* Short text fragments from websites *
--

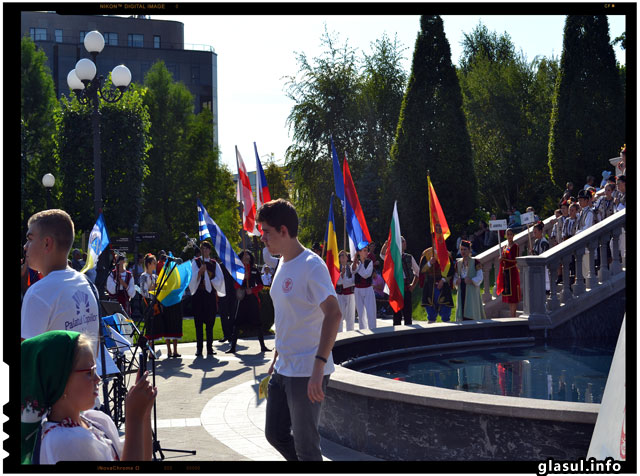 Parada de la Editia XXI a Festivalului International de Folclor Catalina IASI 2015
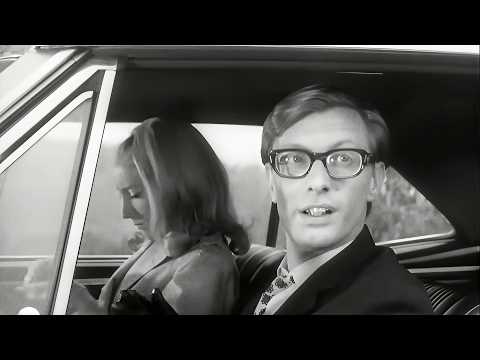 Night of the Living Dead (1968) One house, No escape : They won’t stay dead!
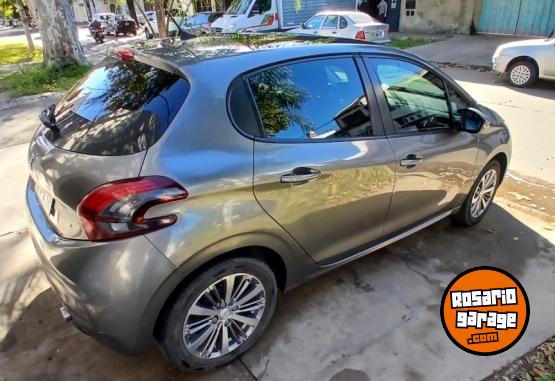 Autos - Peugeot 208 allure 2017 Nafta 117600Km - En Venta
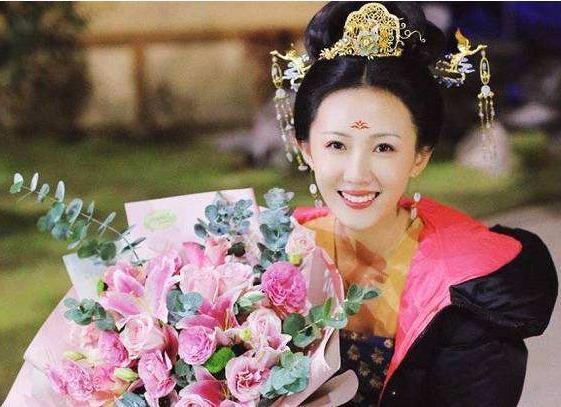 她是老戏骨的儿媳妇，有颜有演技好资源，出道五年却不温不火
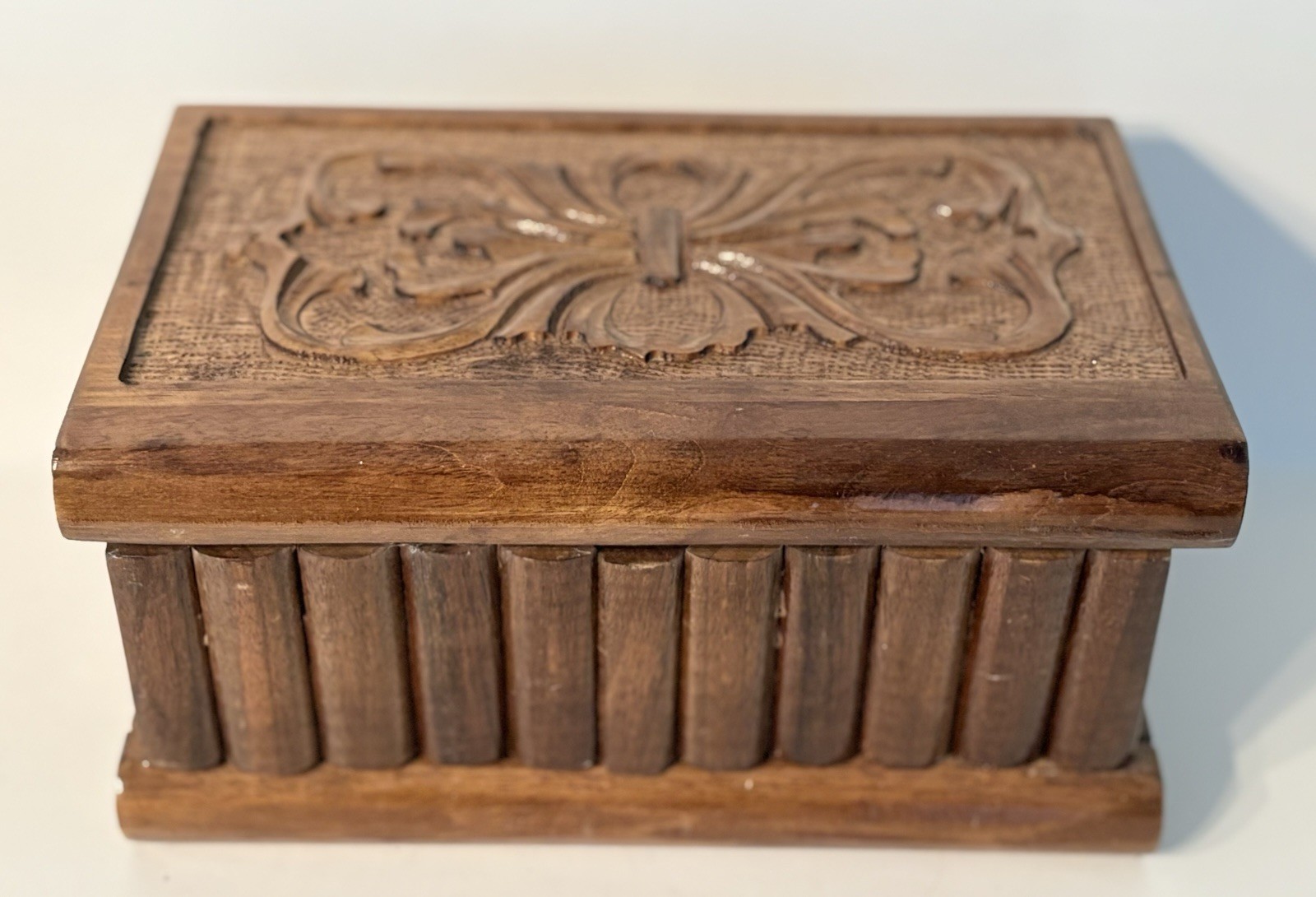 Antique Hand Carved Wood Jewelry Trinket Box w/ Hidden Keyhole Velvet Lining
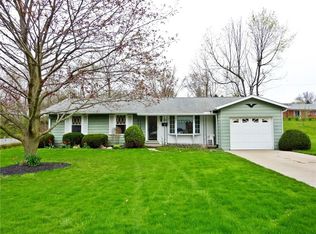 225 Meadowbrook Dr, Bellefontaine, OH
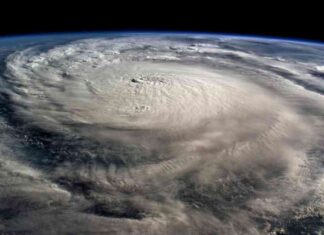 Tracking Tropical Storm Leslie: Forecasting the Path of the Potential Hurricane news-12102024-182841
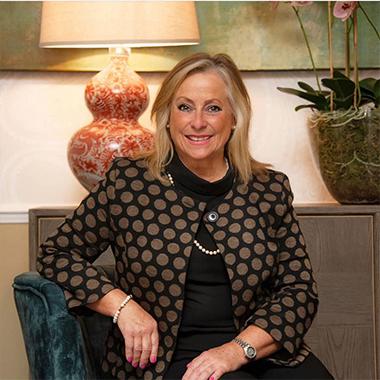 Bridget Mary Turow is a Professional Analyst, Investment Adviser and Trader who work to grow
your Trading portfolio.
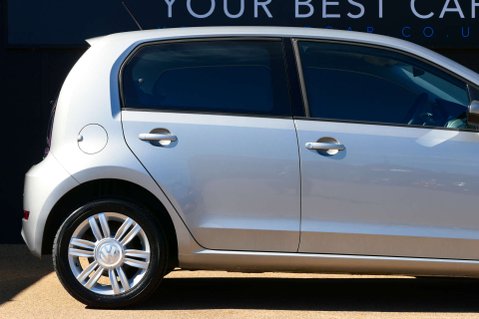 Volkswagen Up 1.0 High up! 5dr 9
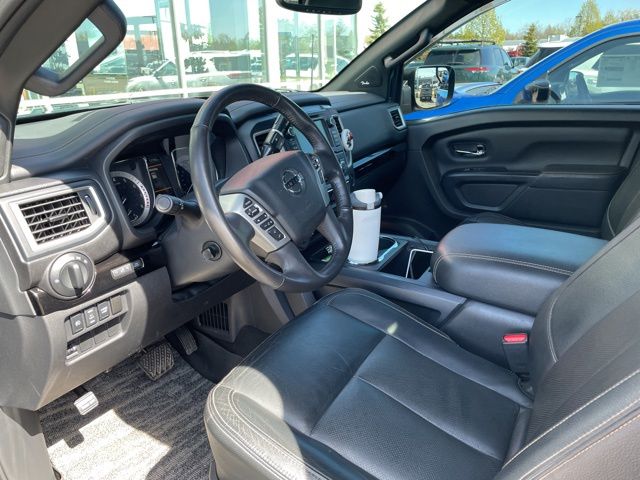Used 2019 Magnetic Black Metallic Nissan SL image 9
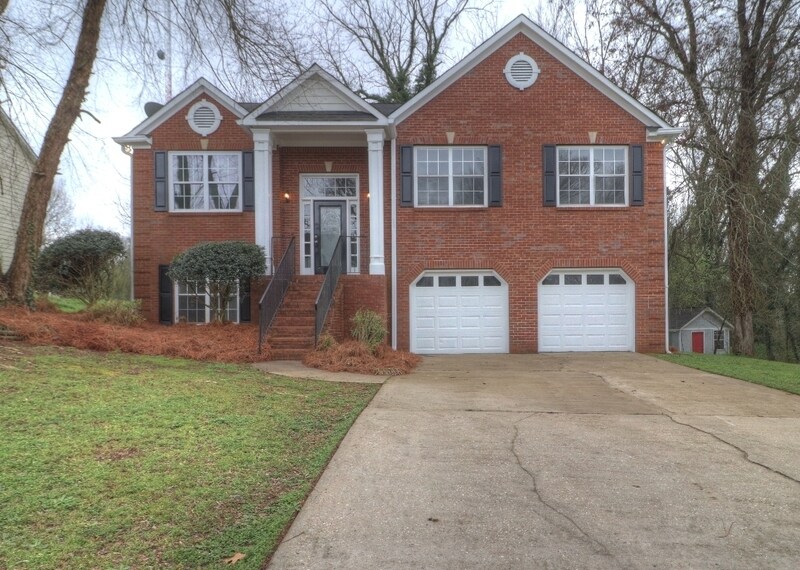 2864 Da Vinci Blvd in Decatur, GA - Building Photo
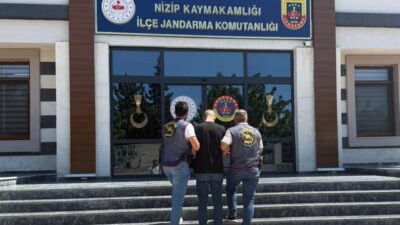 Gaziantep’te 10 yıl hapis cezasıyla aranan iki kişi, jandarma ekipleri
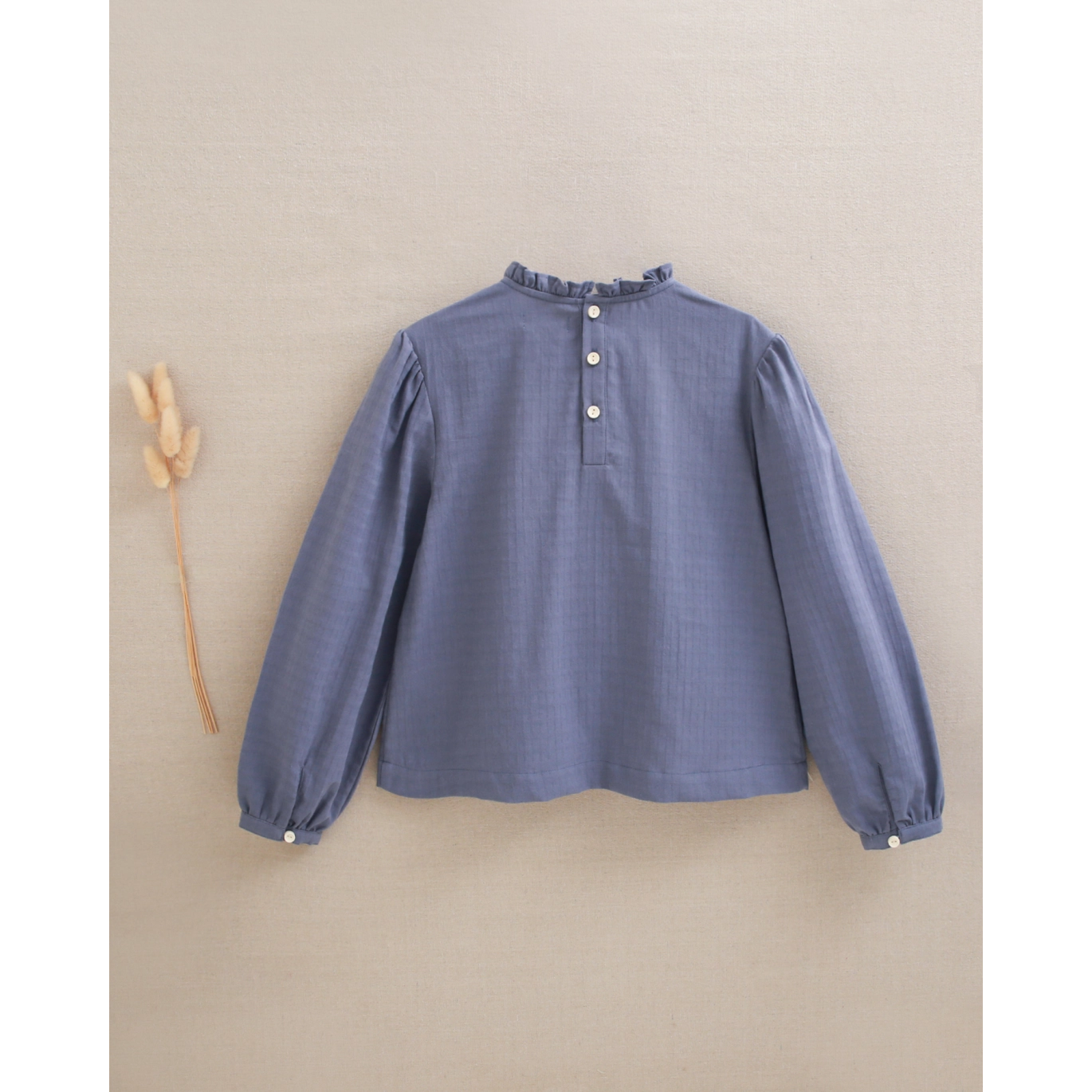 Blusa de niña azul con smock rosa | Dadati 2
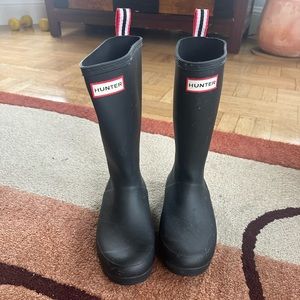 Black Hunter Boots (size 6)
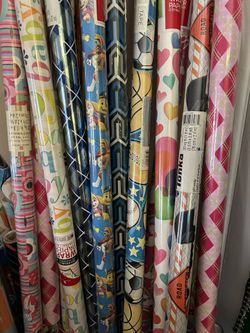 Wrapping Paper All Occasions/ Holidays are Coming//over than The 100 Rolls 
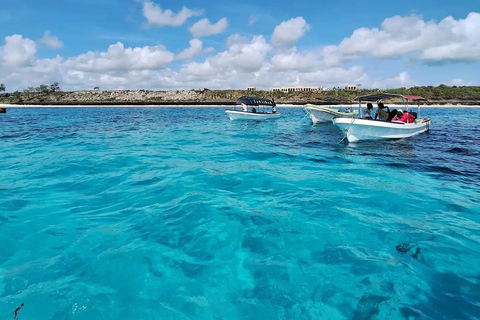 Sansibar: Blaue Lagune, Seesterne, Paje Strand und Maalum HöhleSansibar: Blaue Lagune, Seesterne, Jambiani und Maalum-Höhle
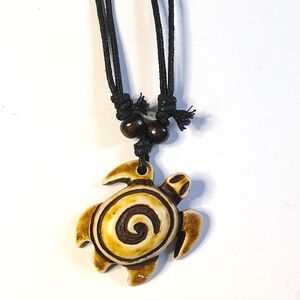 NEW Turtle Necklace Resin Adjustable Unisex Men Women Surfer Beach Nature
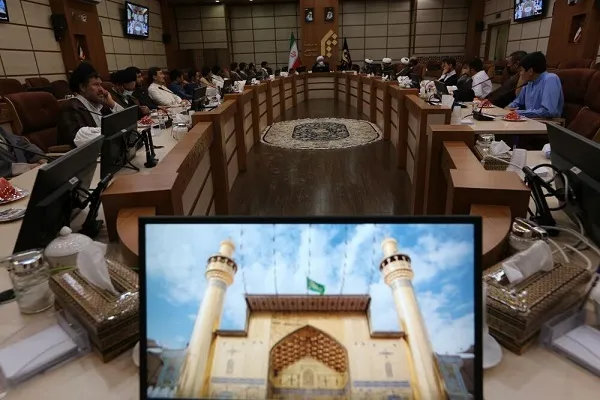 ثابت قدم ماندن در انجام رسالت روحانیت، نیازمند عزم جدی است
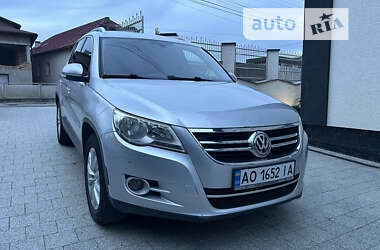 Внедорожник / Кроссовер Volkswagen Tiguan 2011 в Солотвине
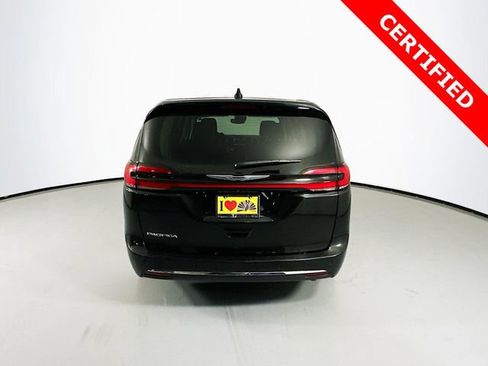 Used 2024 Chrysler Pacifica Touring-L image 8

--

* What you have to do *
Return every line of the data above exactly, and omit all pictures.

* Response *
 Parada de la Editia XXI a Festivalului International de Folclor Catalina IASI 2015
 Night of the Living Dead (1968) One house, No escape : They won’t stay dead!
 Autos - Peugeot 208 allure 2017 Nafta 117600Km - En Venta
 她是老戏骨的儿媳妇，有颜有演技好资源，出道五年却不温不火
 Antique Hand Carved Wood Jewelry Trinket Box w/ Hidden Keyhole Velvet Lining
 225 Meadowbrook Dr, Bellefontaine, OH
 Tracking Tropical Storm Leslie: Forecasting the Path of the Potential Hurricane news-12102024-182841
 Bridget Mary Turow is a Professional Analyst, Investment Adviser and Trader who work to grow
your Trading portfolio.
 Volkswagen Up 1.0 High up! 5dr 9
Used 2019 Magnetic Black Metallic Nissan SL image 9
 2864 Da Vinci Blvd in Decatur, GA - Building Photo
 Gaziantep’te 10 yıl hapis cezasıyla aranan iki kişi, jandarma ekipleri
 Blusa de niña azul con smock rosa | Dadati 2
 Black Hunter Boots (size 6)
 Wrapping Paper All Occasions/ Holidays are Coming//over than The 100 Rolls 
 Sansibar: Blaue Lagune, Seesterne, Paje Strand und Maalum HöhleSansibar: Blaue Lagune, Seesterne, Jambiani und Maalum-Höhle
 NEW Turtle Necklace Resin Adjustable Unisex Men Women Surfer Beach Nature
 ثابت قدم ماندن در انجام رسالت روحانیت، نیازمند عزم جدی است
 Внедорожник / Кроссовер Volkswagen Tiguan 2011 в Солотвине
 Used 2024 Chrysler Pacifica Touring-L image 8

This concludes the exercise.